[Start of Attachment]

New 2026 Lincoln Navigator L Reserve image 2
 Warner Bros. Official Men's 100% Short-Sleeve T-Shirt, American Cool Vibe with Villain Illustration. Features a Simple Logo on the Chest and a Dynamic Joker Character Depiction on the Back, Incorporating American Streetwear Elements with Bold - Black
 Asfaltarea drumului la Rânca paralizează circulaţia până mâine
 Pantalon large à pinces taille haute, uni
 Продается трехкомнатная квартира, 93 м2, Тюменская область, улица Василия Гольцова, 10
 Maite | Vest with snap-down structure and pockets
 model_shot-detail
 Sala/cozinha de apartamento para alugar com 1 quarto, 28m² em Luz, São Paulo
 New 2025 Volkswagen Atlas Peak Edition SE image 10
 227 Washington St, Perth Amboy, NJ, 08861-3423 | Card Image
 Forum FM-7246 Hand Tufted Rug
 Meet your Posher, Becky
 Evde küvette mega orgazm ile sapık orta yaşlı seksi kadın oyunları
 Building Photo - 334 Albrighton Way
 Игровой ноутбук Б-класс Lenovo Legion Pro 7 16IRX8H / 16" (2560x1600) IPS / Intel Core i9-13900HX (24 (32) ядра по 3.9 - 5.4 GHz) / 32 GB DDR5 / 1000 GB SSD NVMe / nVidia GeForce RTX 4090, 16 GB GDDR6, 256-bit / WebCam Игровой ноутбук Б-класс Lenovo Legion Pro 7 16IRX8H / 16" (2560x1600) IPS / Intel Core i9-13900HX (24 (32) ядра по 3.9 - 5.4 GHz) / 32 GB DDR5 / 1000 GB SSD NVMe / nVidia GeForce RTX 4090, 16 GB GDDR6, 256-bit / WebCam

[End of Attachment]

● PROBLEM REQUIREMENTS: Across the material, report every line that has the word "with".

● ANSWER TO THIS PROBLEM:
 Warner Bros. Official Men's 100% Short-Sleeve T-Shirt, American Cool Vibe with Villain Illustration. Features a Simple Logo on the Chest and a Dynamic Joker Character Depiction on the Back, Incorporating American Streetwear Elements with Bold - Black
 Maite | Vest with snap-down structure and pockets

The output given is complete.